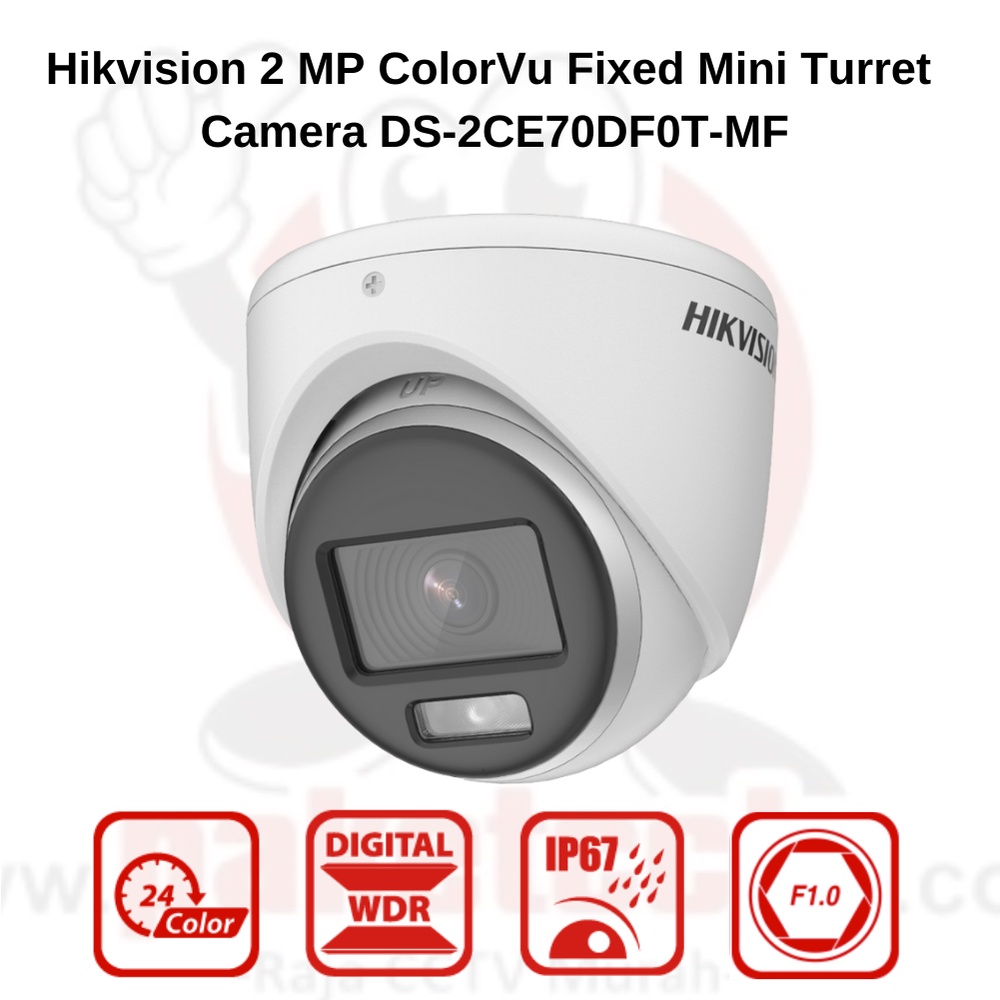 Jual Hikvision Kamera CCTV 2 MP ColorVu Fixed Mini Turret Camera DS ...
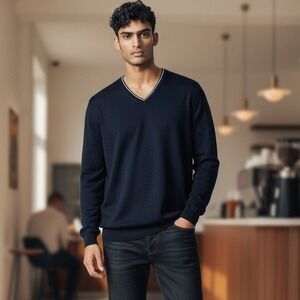 Paul Fredrick Sweater Mens Medium Blue V-Neck‎ Long Sleeve 100% Supima Cotton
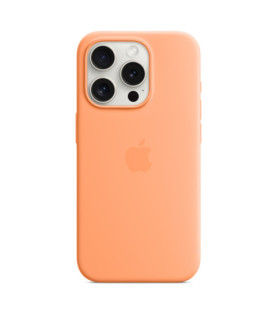 Apple | Silicone Case with MagSafe | Case with MagSafe | Apple | iPhone 15 Pro | Silicone | Orange Sorbet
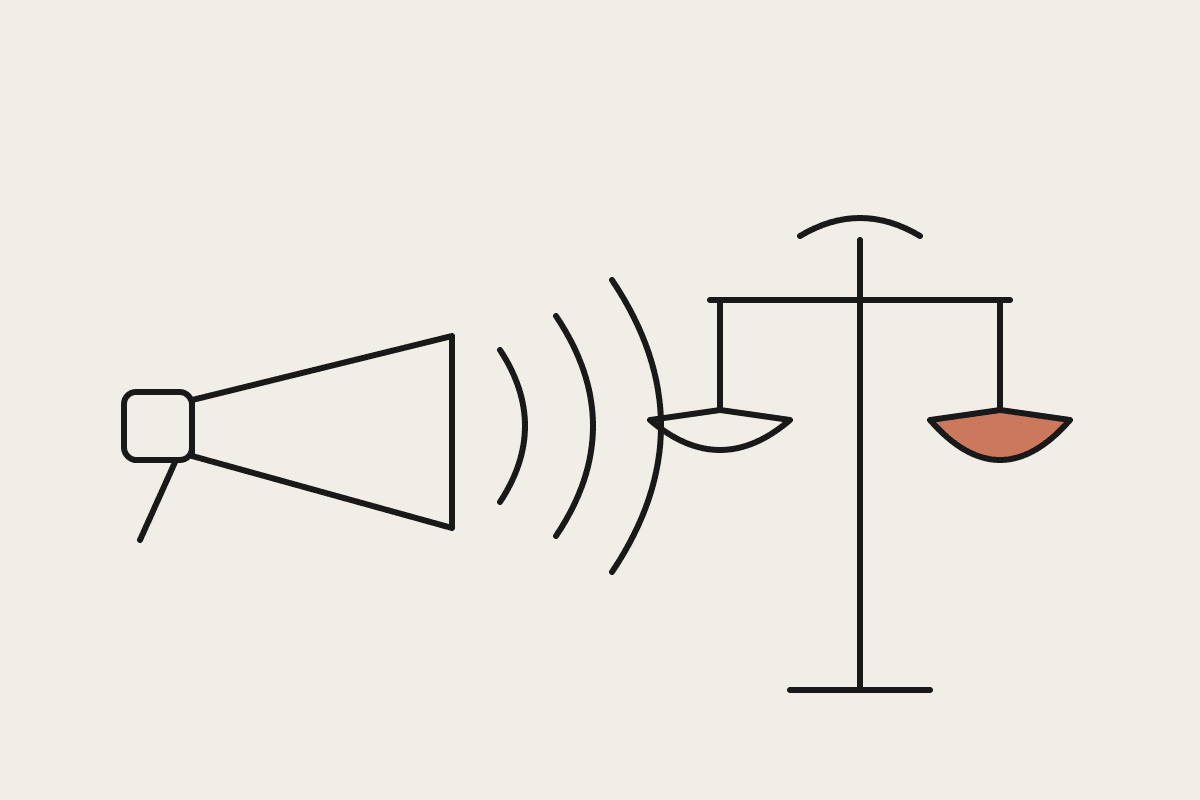 Line illustration of a megaphone facing a set of balance scales, one scale pan filled in terracotta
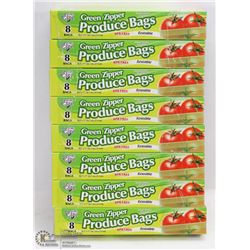 8 BOXES OF GREEN ZIPPER PRODUCE BAGS 10.5" X 11"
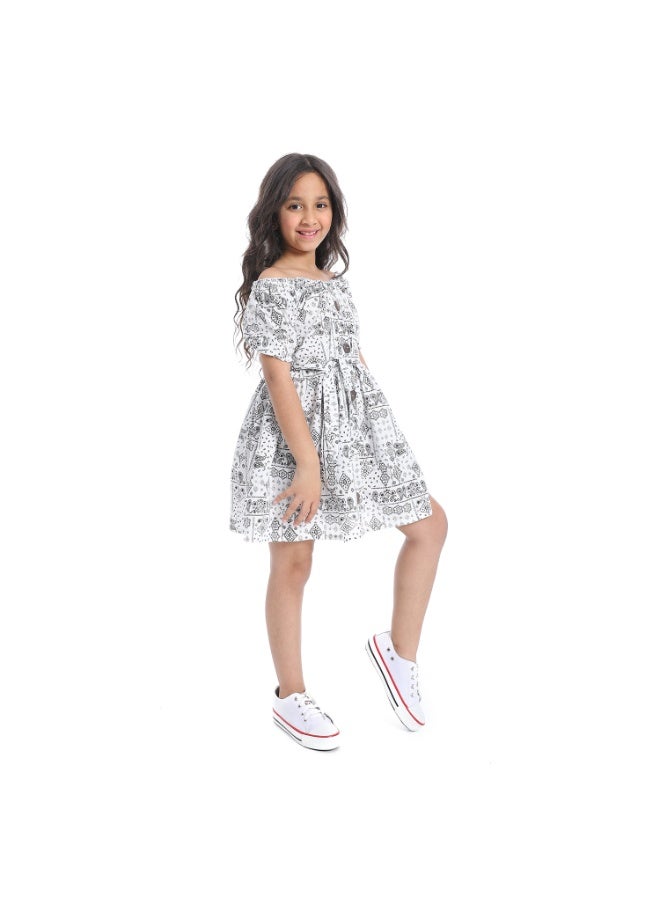 Andora Girls Dress _ White & Black - Image 3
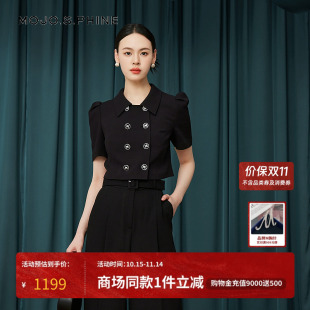 短袖 气质泡泡袖 上衣朗姿集团 夏季 MOJO莫佐通勤短外套女2025新款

* Work task
The whole listing should be restated word for word, with no pictures.

* Solution below
 Jual Hikvision Kamera CCTV 2 MP ColorVu Fixed Mini Turret Camera DS ...
 Paul Fredrick Sweater Mens Medium Blue V-Neck‎ Long Sleeve 100% Supima Cotton
 Apple | Silicone Case with MagSafe | Case with MagSafe | Apple | iPhone 15 Pro | Silicone | Orange Sorbet
 Line illustration of a megaphone facing a set of balance scales, one scale pan filled in terracotta
 8 BOXES OF GREEN ZIPPER PRODUCE BAGS 10.5" X 11"
 Andora Girls Dress _ White & Black - Image 3
 短袖 气质泡泡袖 上衣朗姿集团 夏季 MOJO莫佐通勤短外套女2025新款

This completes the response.